When Jane was born I felt a tad ignorant about parenting; but I figured I had time to learn. Two children later and with Jane having turned 5 I am more concerned about my parenting skills. My wise mother suggested reading Between Parent and Child by Dr. Haim Ginott. "It would probably be more useful than those economics books you've been reading," she said. Taliatha and I just finished it and although I'm not terribly well read in this genre here are my impressions.
First, I'm pleased to report that unlike some parenting books and magazines Between Parent and Child doesn't offer gimmicky advice for problems that usually just go away. (Why won't my precious angel sleep through the night? How do I get enough ME time? How can I help my kid read by age 3?) Instead, Dr. Ginott presents principles for interacting with your children that can be adapted to different situations. His primary thesis is that children are more responsive when parents address feelings before rushing to punish or lecture. The book gives numerous examples of common conflicts and useful tactics for resolving them. These include problems with eating, homework, siblings, bedtime, etc. For example, what do you do if your kid wants something at the store but you don't want to get it? First, don't try and convince little Timmy that he already has enough toys or that it's too expensive. This will just lead to counter arguments. Kids quickly learn how to try and get what they want. Instead, acknowledge Timmy's feelings. "Yeah, that would be so much fun if we could play with that toy! I like it too!" Often just validating your child's wish will fulfill their need and you may not even have to state the obvious: you're not going to buy the toy. That's the idea anyway, I'll have to let you know how it goes in practice.
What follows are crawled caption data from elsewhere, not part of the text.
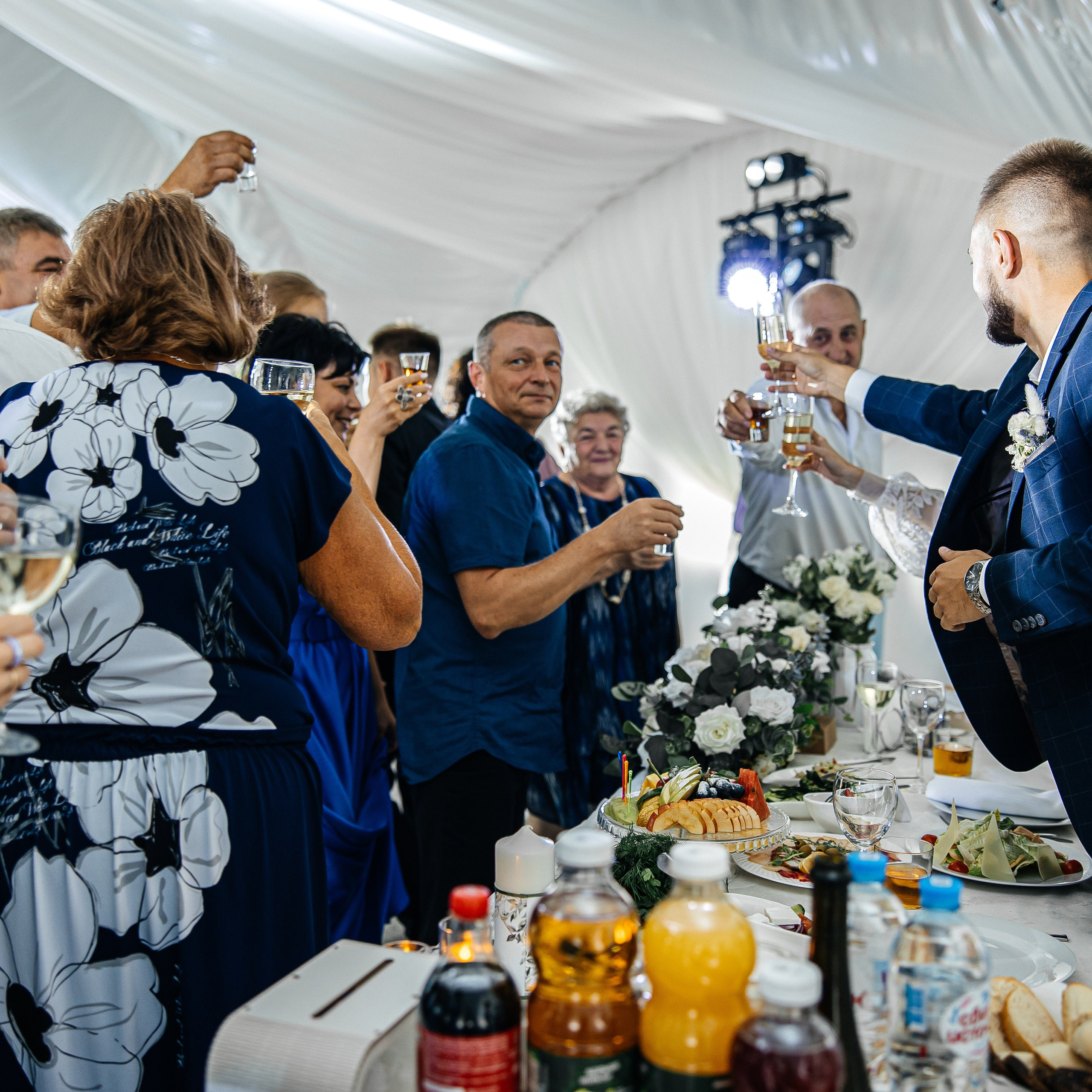 Оксана и Тимур. Свадебный и семейный фотограф Елизавета Ермак | Москва и МО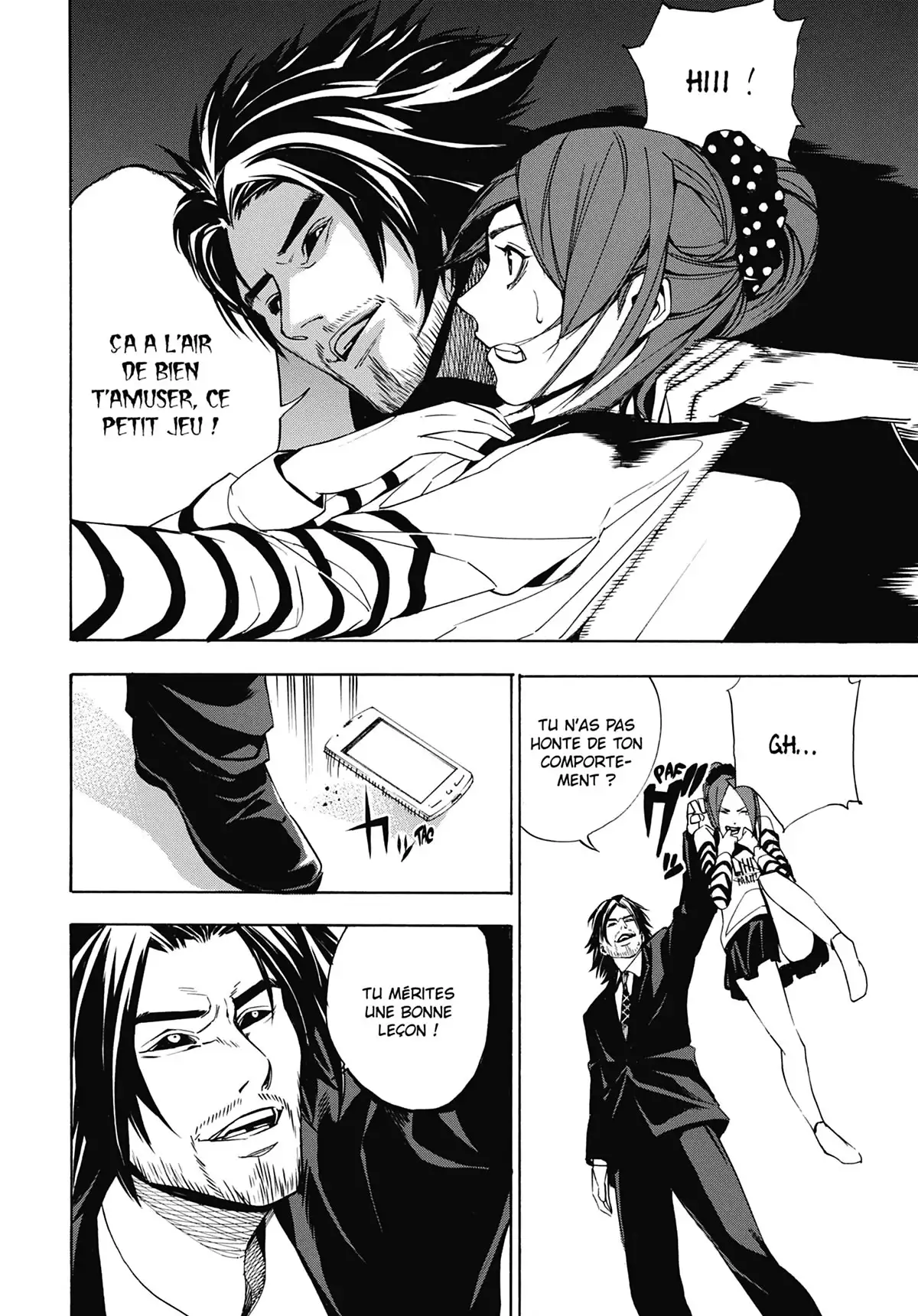 Beyond Evil Volume 2 page 65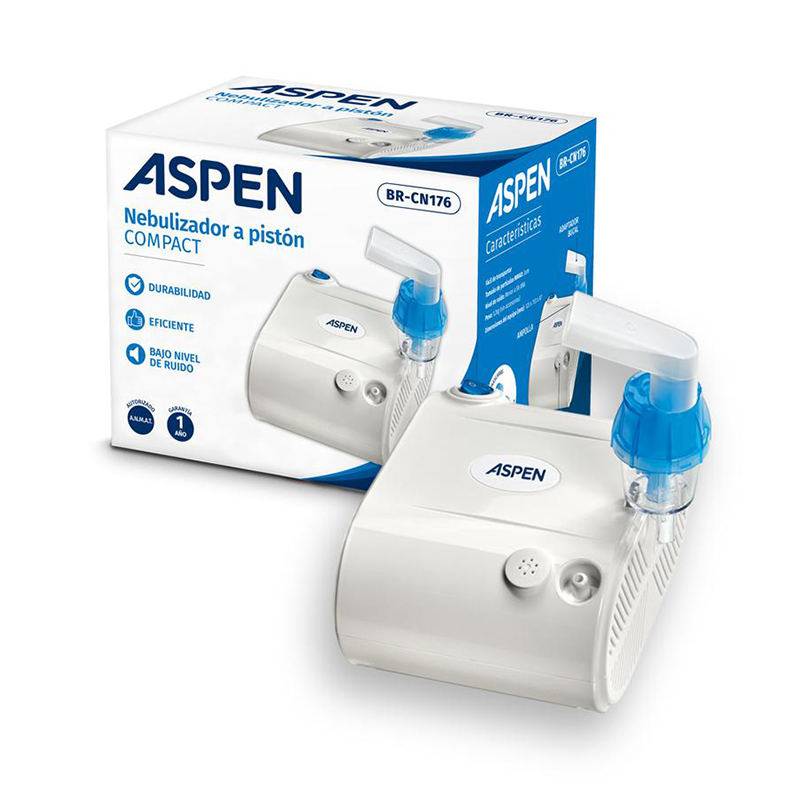 NEBULIZADOR ASPEN BR-CN176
Another part of the book that was helpful for me was the discussion on parents' emotions. Before reading this book my approach to conflicts has been, "I need more patience. If I can just not get angry everything will be fine." The problem was that I didn't have a strategy for when my patience did run out. Instead of yelling or angrily tossing the perpetrator into time out, Dr. Ginott recommends expressing in simple words how their behavior makes you feel. Emphatically express your frustration in words and focus on the behavior, not the child. "It makes me very upset when you push her," not "Why are you so mean to her?" This provides a constructive outlet when I'm upset and it models for my children how to resolve angry feelings through talking rather than yelling or fighting. This doesn't mean that you remove consequences. What it does do is allow you to resolve your emotions first so you don't dispense discipline hastily or angrily.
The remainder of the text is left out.